Re: [PATCH 20/20] honor r/w changes at do_remount() time



On Wed, Jun 28, 2006 at 06:19:35AM +0100, Al Viro wrote:
On Tue, Jun 27, 2006 at 03:14:57PM -0700, Dave Hansen wrote:

Originally from: Herbert Poetzl <herbert@xxxxxxxxxxxx>

This is the core of the read-only bind mount patch set.

Note that this does _not_ add a "ro" option directly to
the bind mount operation. If you require such a mount,
you must first do the bind, then follow it up with a
'mount -o remount,ro' operation.

I guess the fundamental problem I have with that approach is that it's
a cop-out - we just declare rw state of vfsmount independent from that
of filesystem and add a "if a flag is set, act upon vfsmount".

IMHO the read only check has to be done twice, i.e
once for the superblock and a second time for the
particular vfs mount, similar, the procfs mounts
entry shows the combination (logical and) of the
write ability ...

And yes, some of that does make sense.

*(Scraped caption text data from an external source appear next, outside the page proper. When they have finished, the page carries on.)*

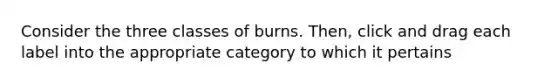 Consider the three classes of burns. Then, click and drag each label into the appropriate category to which it pertains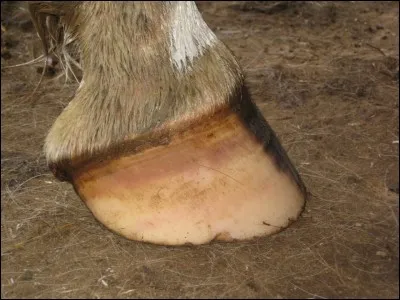 Quelle partie du sabot n'existe pas ?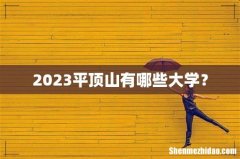 2023平顶山有哪些大学？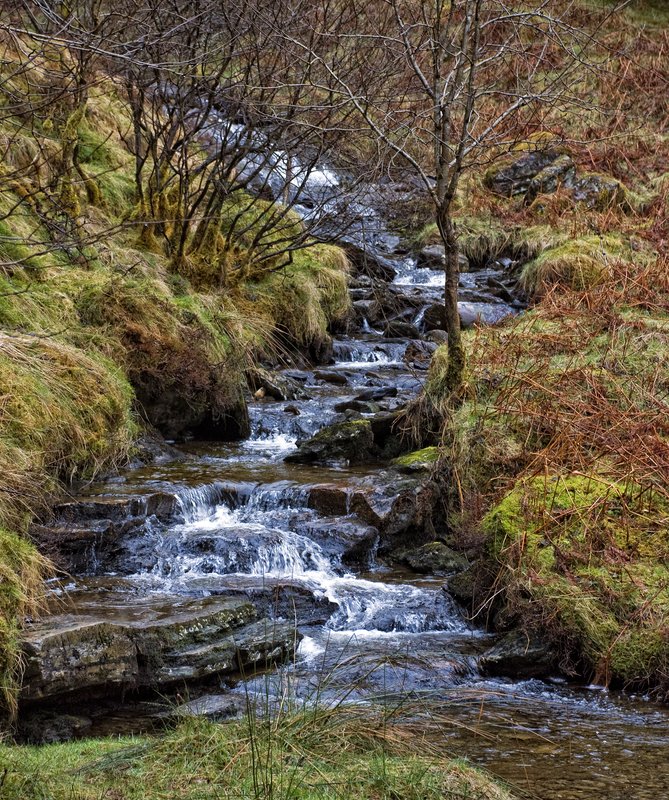 Woodland Waterfall.jpg :: Stock images are available for download at $3.00 each (plus .50 PayPal fee) and are transferred at full resolution and are Royalty and Copyright free and can be used in commercial work.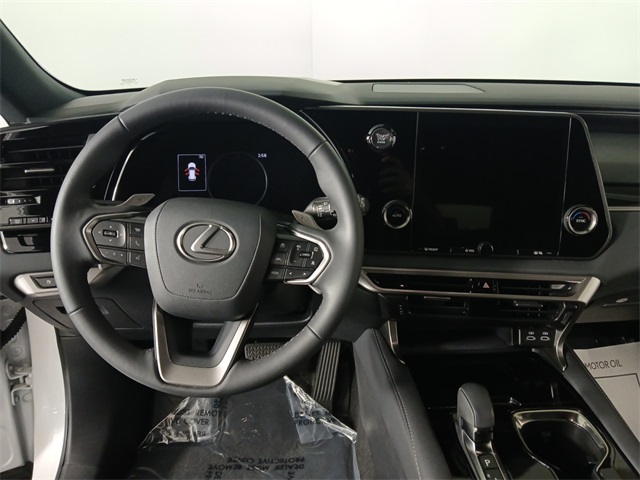 2024 Lexus RX 350 photo 9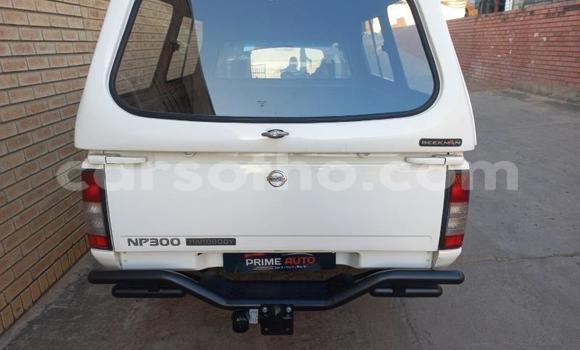 Buy Used Nissan Hardbody Other Car in Maseru in Maseru Buy Used Nissan Hardbody Other Car in Maseru in Maseru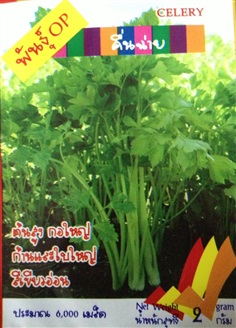 เมล็ดคื่นฉ่าย CELERY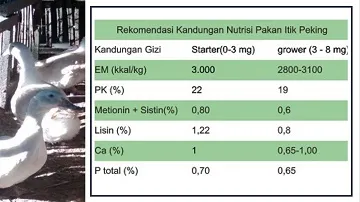 Detail Gambar Itik Pedaging Nomer 30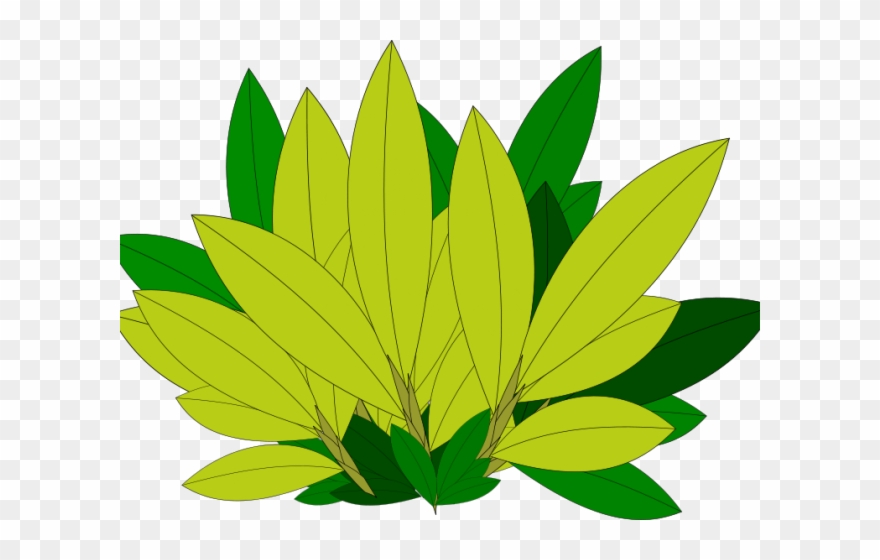 A stylized illustration of green and yellow leaves in a cluster, resembling a plant or foliage design.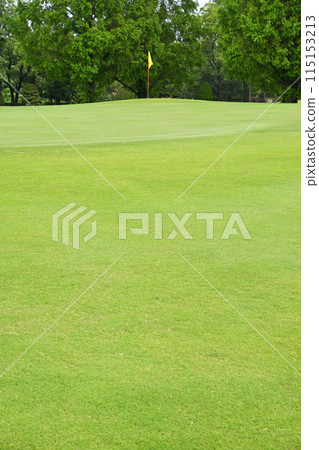 A deserted golf course in lush early summer green A deserted golf course in lush early summer green 115153213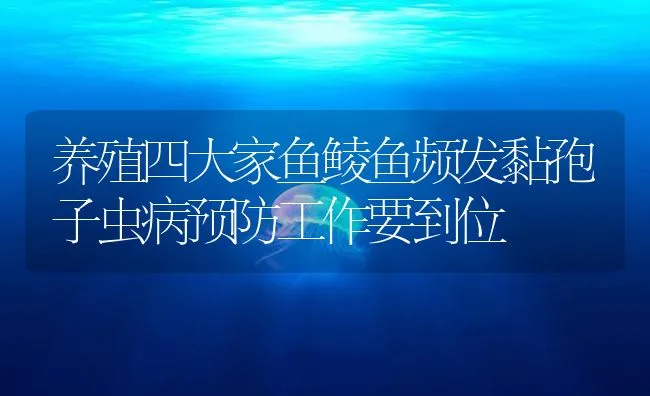 养殖四大家鱼鲮鱼频发黏孢子虫病预防工作要到位 | 海水养殖技术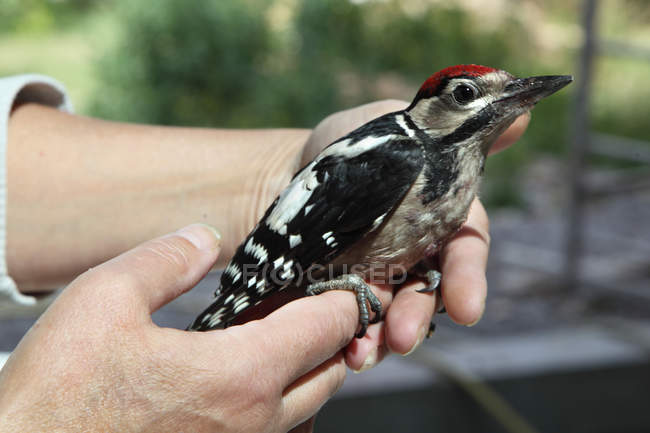 Man holding in hands young woodpecker, selective focus — Stock Photo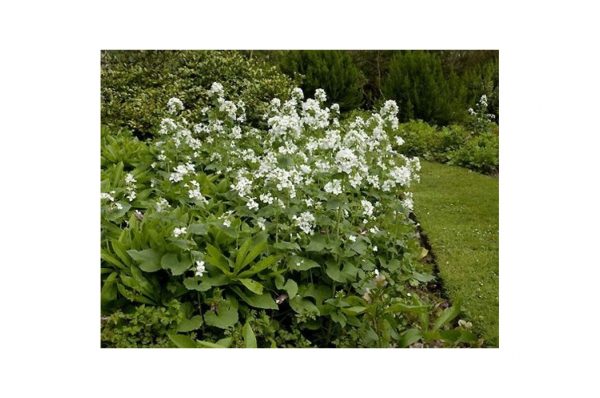 HESPERIS Matronalis Alba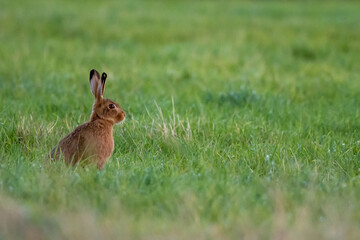 Naklejka premium Brown Hare (Lepus europaeus) in a grass field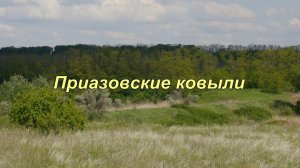 Ковыль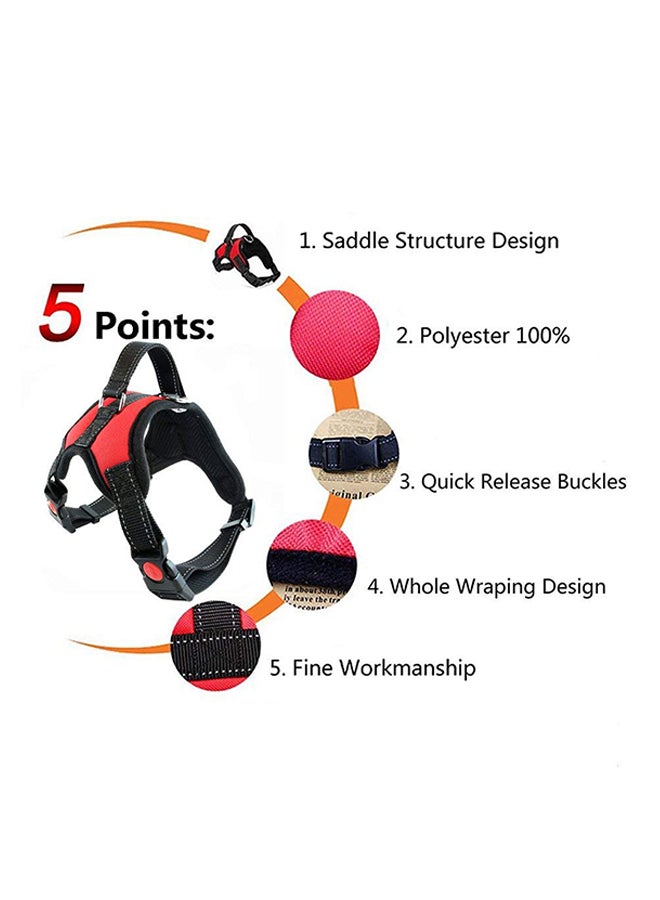 حزام كلب قابل للتعديل أخضر فاتح/أسود - Image 2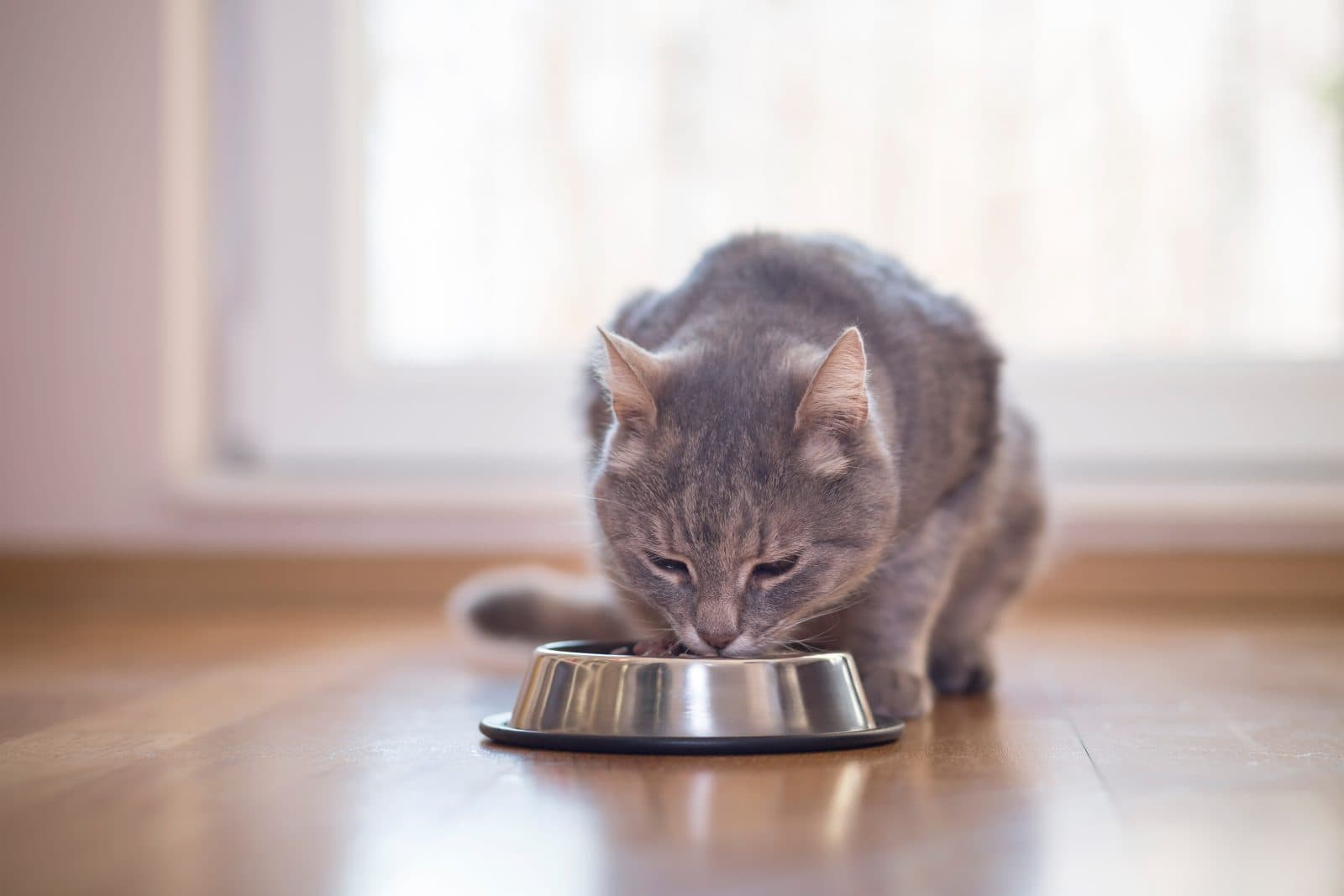Feline Fine Luxury Cat Hotel, Fair Oak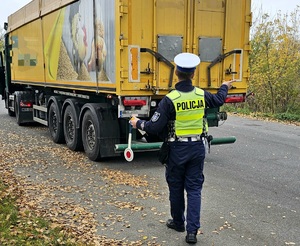 Policjant podczas kontroli drogowej ciężarówki.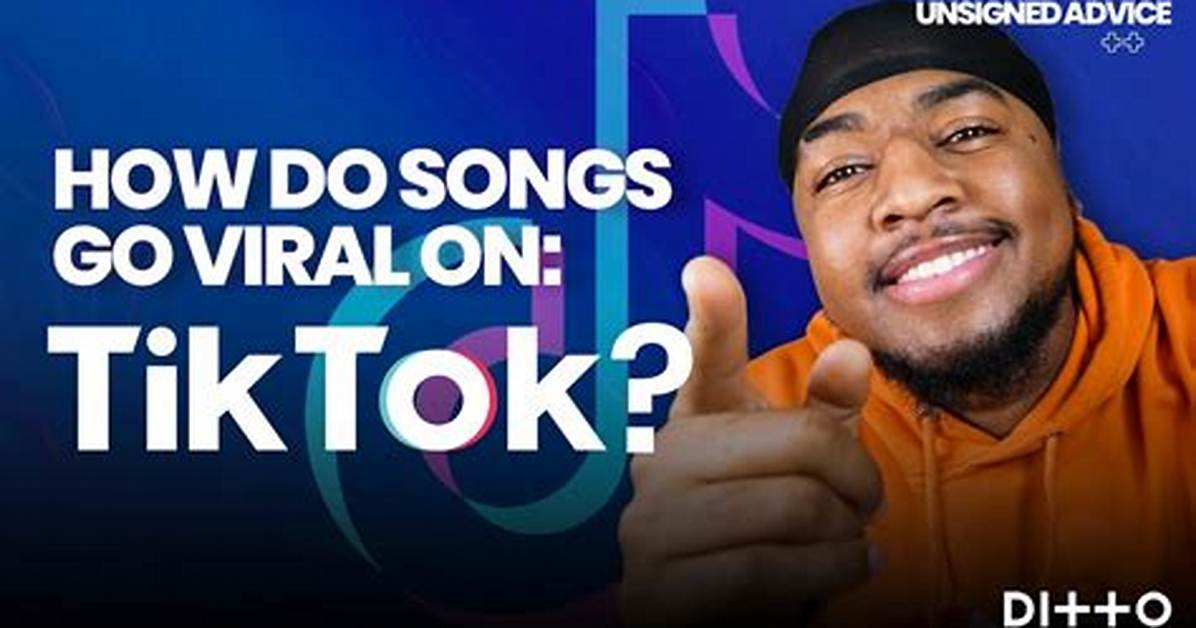 What Is Make It Stop Tiktok Song All About? Make It Stop Lyrics How Is It Done?
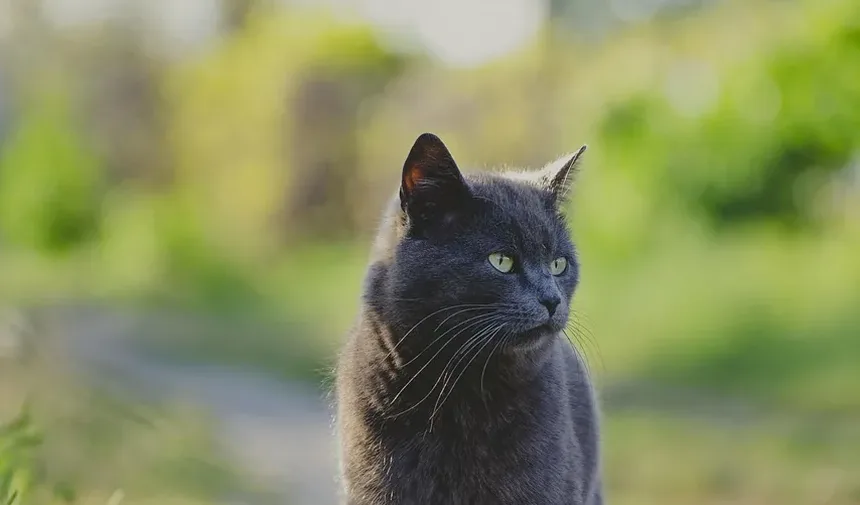 Como Fazer a Transição do Seu Gato para uma Nova Ração: Um Guia Completo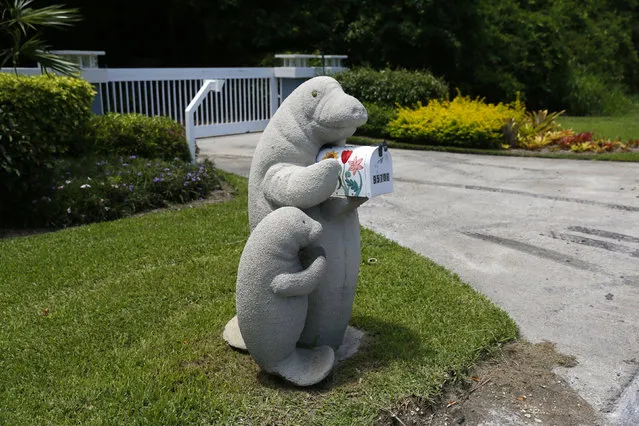 Models of an adult and baby manatee hold a mailbox along the highway US-1 in the Lower Keys near Key Largo in Florida, July 10, 2014. (Photo by Wolfgang Rattay/Reuters)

Fine, let's separate that
stuff; but then we'd better decide what rw superblock *is*.

We have a number of vfsmounts over given superblock. OK, some are "we
don't even ask them to be r/w". Some are "we want them r/w, but don't
actually use as such at the moment". Some are "pinned down for write
now". And we do get logics for "can't make it r/o right now".

But look - we have the _same_ logics for superblock itself. Only it's
full of holes. And since you have rw states for those completely
unrelated to those of vfsmount, we get a ridiculous situation - we
*do* mark the moments when superblock becomes impossible to remount
r/o and we even mostly get the moments when it ceases to be busy
writing (unlinked-but-opened files are major exception). But we can't
use that information.

So "can we remount superblock ro?" turns into kinda-sorta duplicate of
the same for vfsmounts, but it's racy as hell and bloody incomplete;
we don't even get "if some vfsmount over it is busy writing, we won't
remount r/o". Approximation is done, but that's it. E.g. mkdir() in
progress does *not* stop remount of superblock r/o (it does prevent
remount of vfsmount with your patchset).

FWIW, I suspect that the root of the problem is that we confuse
different states of filesystem. E.g. one obviously useful feature
would be to have soft r/o - filesystem that is (from the driver POV)
mounted readonly, but would get transparently switched r/w at the
first request. And you have all vfsmount-side infrastructure for that,
BTW. Add something like mechanism we use for expiry and you've got
a very tasty feature for e.g. laptop users: e.g. userland asking to
switch fs soft-ro every 15 minutes and if nobody had wanted it r/w
since the last time, do the transition; if asked r/w again, r/w it
goes on its own. IOW, there's more to it than one bit. And I'm talking
about superblock state...

in what way would that help laptop users?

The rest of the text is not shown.